Jornalistas brasileiros são mantidos reféns pelo Hezbollah


Tariq Saleh/Beirute
Não foi minha primeira vez, tampouco será a última. Mas foi uma amostra mais real do que as experiências anteriores, de como o Hezbollah, uma mistura de partido político, milícia e assistência social, possui uma mão sobre o Líbano que se sobressai à do governo.
Na semana passada, o Hezbollah prendeu eu e a equipe da TV Globo, formada pelo repórter Marcos Losekann e o cinegrafista Paulo Pimentel. Fomos detidos por mais de cinco horas.
Não, não fomos agredidos fisicamente, mas o fomos moralmente. Não fomos torturados, nem colocados em cativeiro como os paranóicos islamofobíacos adoram pregar. Mas o Hezbollah mostrou a sua cara, mostrou que tem duas facetas – a resistência a Israel e a resistência ao próprio Líbano.
No dia 15 de agosto, eu, o Losekann e o Pimentel estavámos no subúrbio sul de Beirute para uma reportagem sobre um restaurante temático que serve sanduíches com nomes de armamentos e ao som de tiroteios e veículos militares. Conhecida como Dahiyeh, a área é um dos redutos do Hezbollah no país.

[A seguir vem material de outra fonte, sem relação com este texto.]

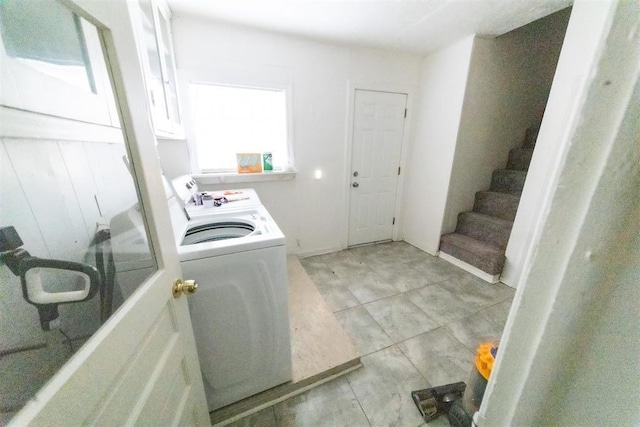 2616 NW 33rd St, Oklahoma City, OK 73112 - laundry room with washer / clothes dryer and light tile patterned floors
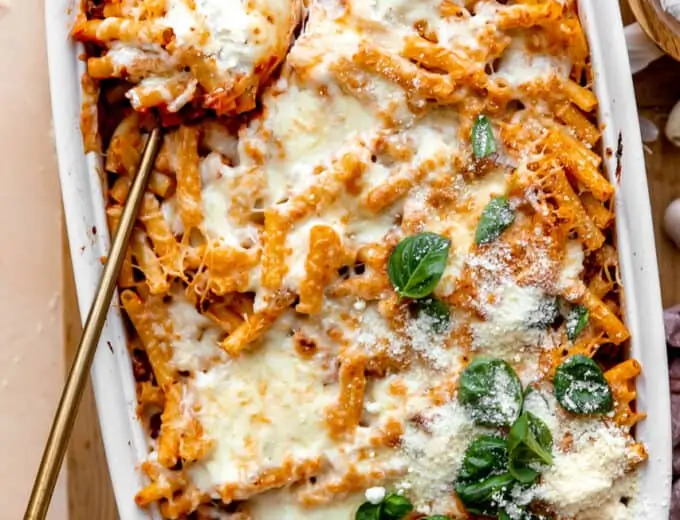 Spoon dishing into a baking dish filled with baked ziti, topped with melted cheese and basil leaves.
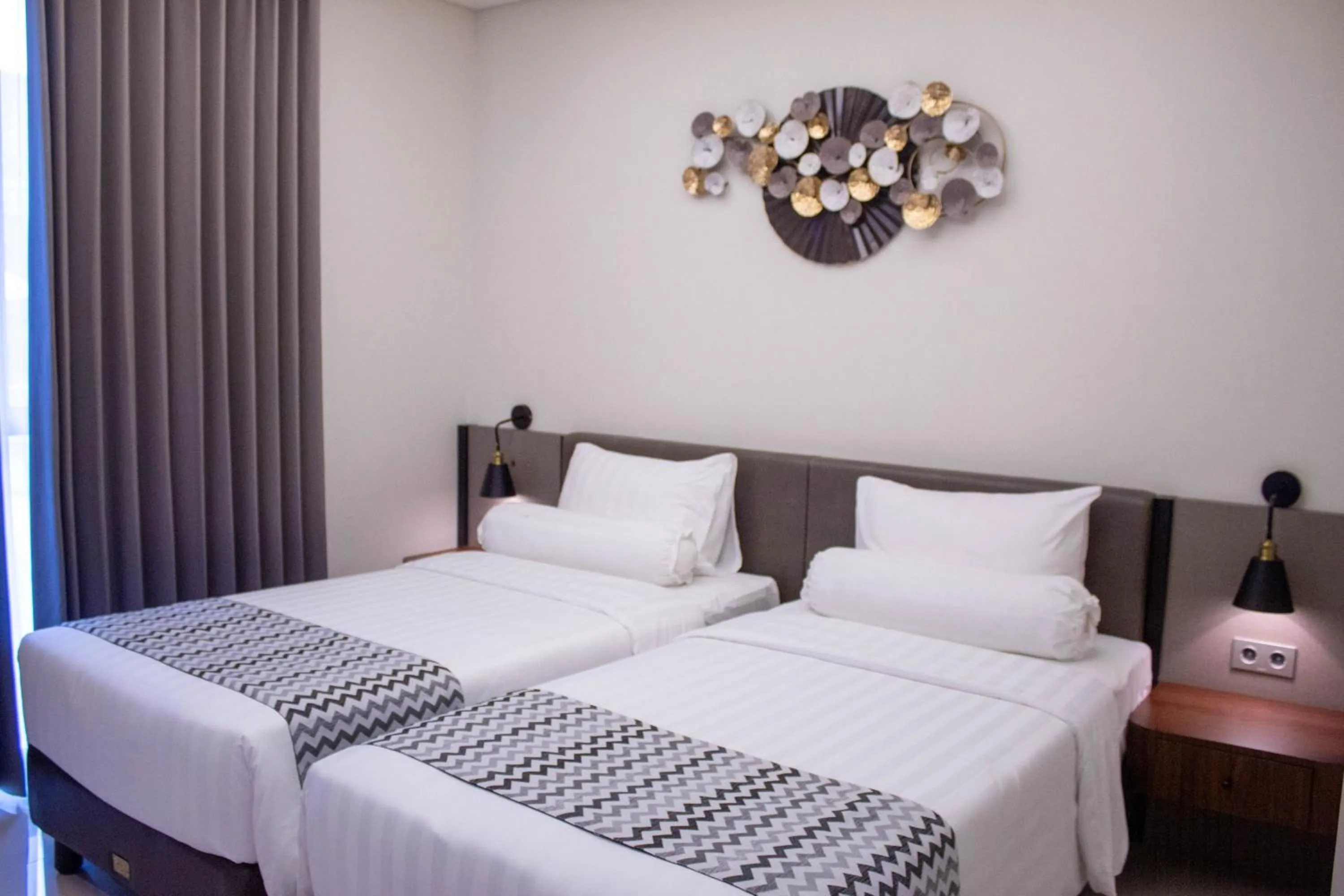 Bed in Azana Garden Hill Resort Blora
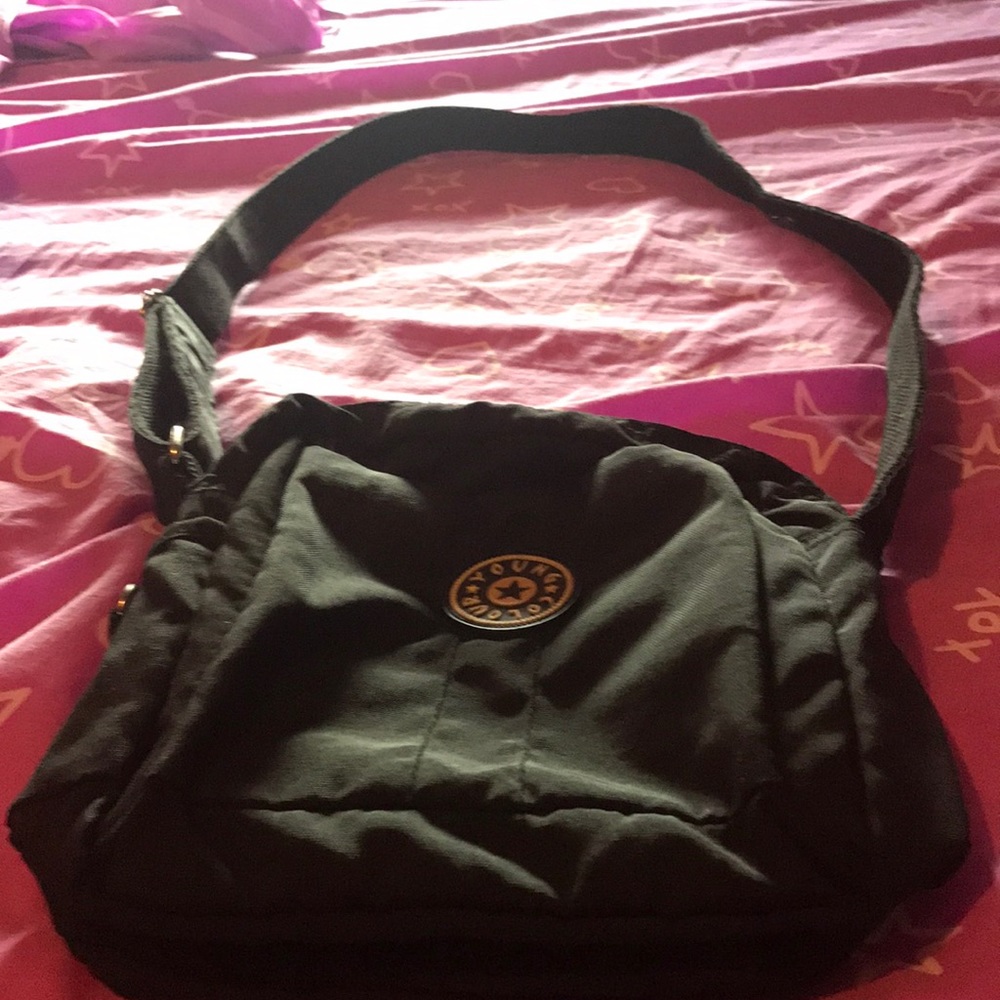 A young colour Crossbody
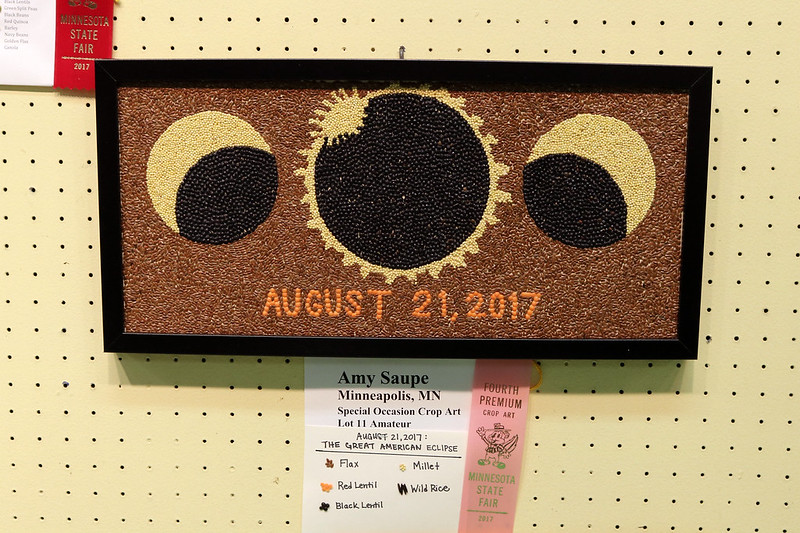 a long, short framed artwork with a three versions of the eclipse, including a ring in the center, and August 21, 2017 at the bottom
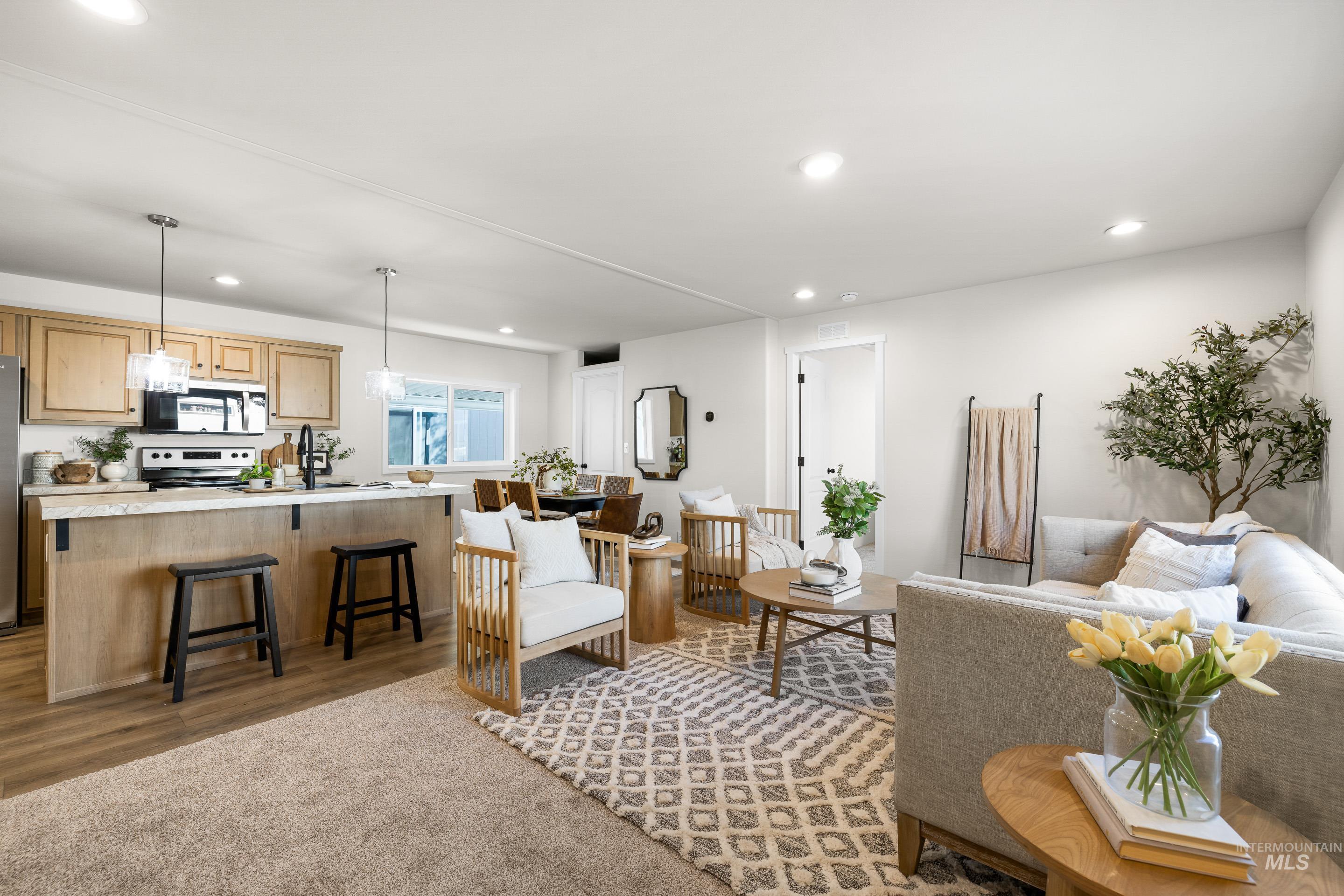 Living room with recessed lighting, wood finished floors, and carpet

Com vistos legais e credenciais do Ministério de Informação libanês, fomos mesmo assim conseguir uma permissão do escritório de imprensa do Hezbollah. Obviamente que uma área tão militarizada e estratégica ao grupo xiita não será um convite a jornalistas, especialmente estrangeiros.
Mas a permissão nos foi negada. Por isso ligamos para o dono do restaurante temático, cujo nome é Buns and Guns (Pães e Armas). Com a conclusão nossa de que a filmagem e entrevista se daria dentro de seu restaurante, uma propriedade privada, decidimos seguir adiante. As tomadas externas seriam rápidas. Afinal, tínhamos permissão do governo, o governo libanês, em que o Hebollah faz parte com ministros.
Errado, o Hezbollah político é uma coisa, o militar é outra totalmente diferente. Em menos de 20 minutos, uma Mercedez-Benz preta com dois homens dentro chegam. Eles pedem para que entremos no carro. Um daqueles momentos em que devemos pensar rapidamente. O que fazer? Desobedecer e protestar? Ou seguir suas ordens para não piorar a situação? Escolhemos a segunda.
Eu já havia sido detido pelo Hezbollah antes, no sul do Líbano. Eu sabia que o grupo não era uma Al Qaeda ou grupos terroristas. Quanto a isso, não estava preocupado (e acho que tampouco estavam o Losekann e o Pimentel).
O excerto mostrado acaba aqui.